----- Exercise input -----

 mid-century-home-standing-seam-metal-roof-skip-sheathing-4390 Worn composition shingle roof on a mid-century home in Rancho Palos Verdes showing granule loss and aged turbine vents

-----
----- Exercise input -----

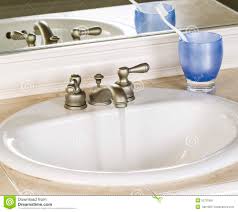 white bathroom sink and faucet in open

-----
----- Exercise input -----

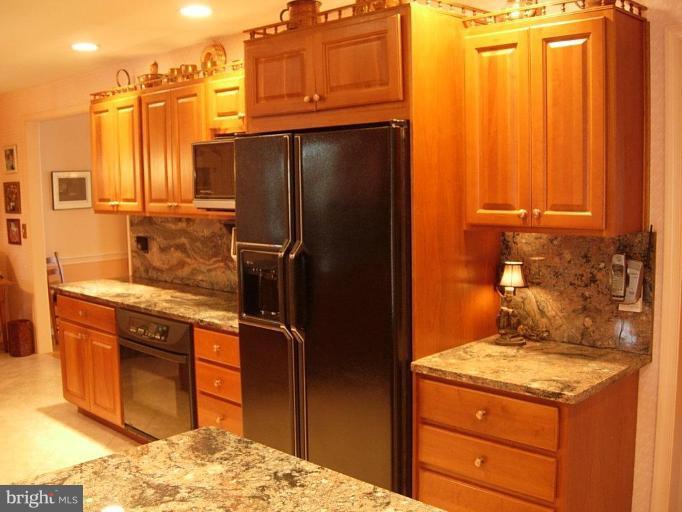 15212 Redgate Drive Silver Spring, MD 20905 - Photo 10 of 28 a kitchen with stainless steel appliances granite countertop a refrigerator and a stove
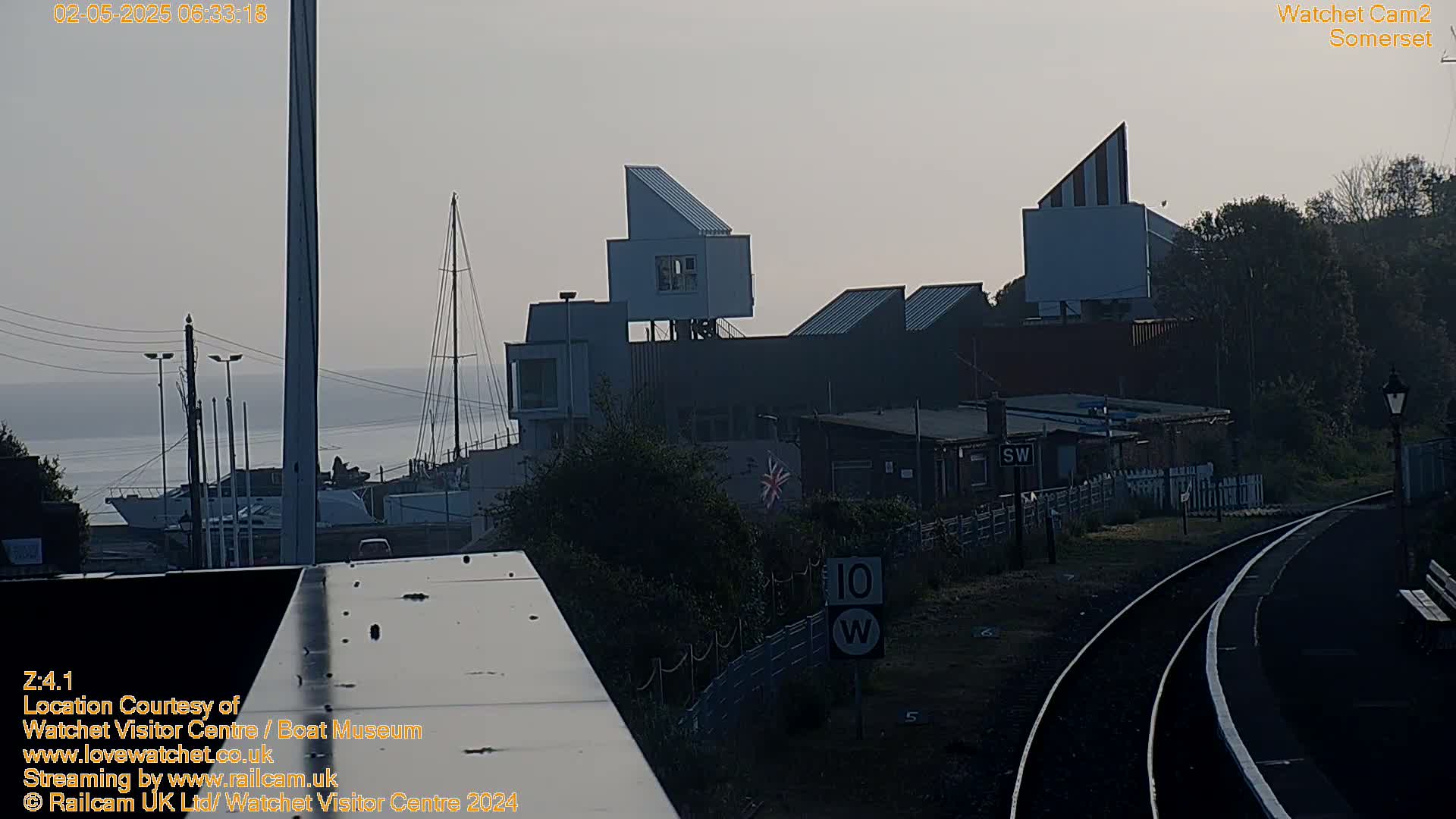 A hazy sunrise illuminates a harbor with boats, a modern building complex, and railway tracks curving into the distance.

-----

- [Brief]:
Please copy the lines above exactly, starting at the line that holds "15212 Redgate Drive" and ending at the line that holds "A hazy sunrise"; include both, but no pictures.

- [Exercise answer]:
 15212 Redgate Drive Silver Spring, MD 20905 - Photo 10 of 28 a kitchen with stainless steel appliances granite countertop a refrigerator and a stove
 A hazy sunrise illuminates a harbor with boats, a modern building complex, and railway tracks curving into the distance.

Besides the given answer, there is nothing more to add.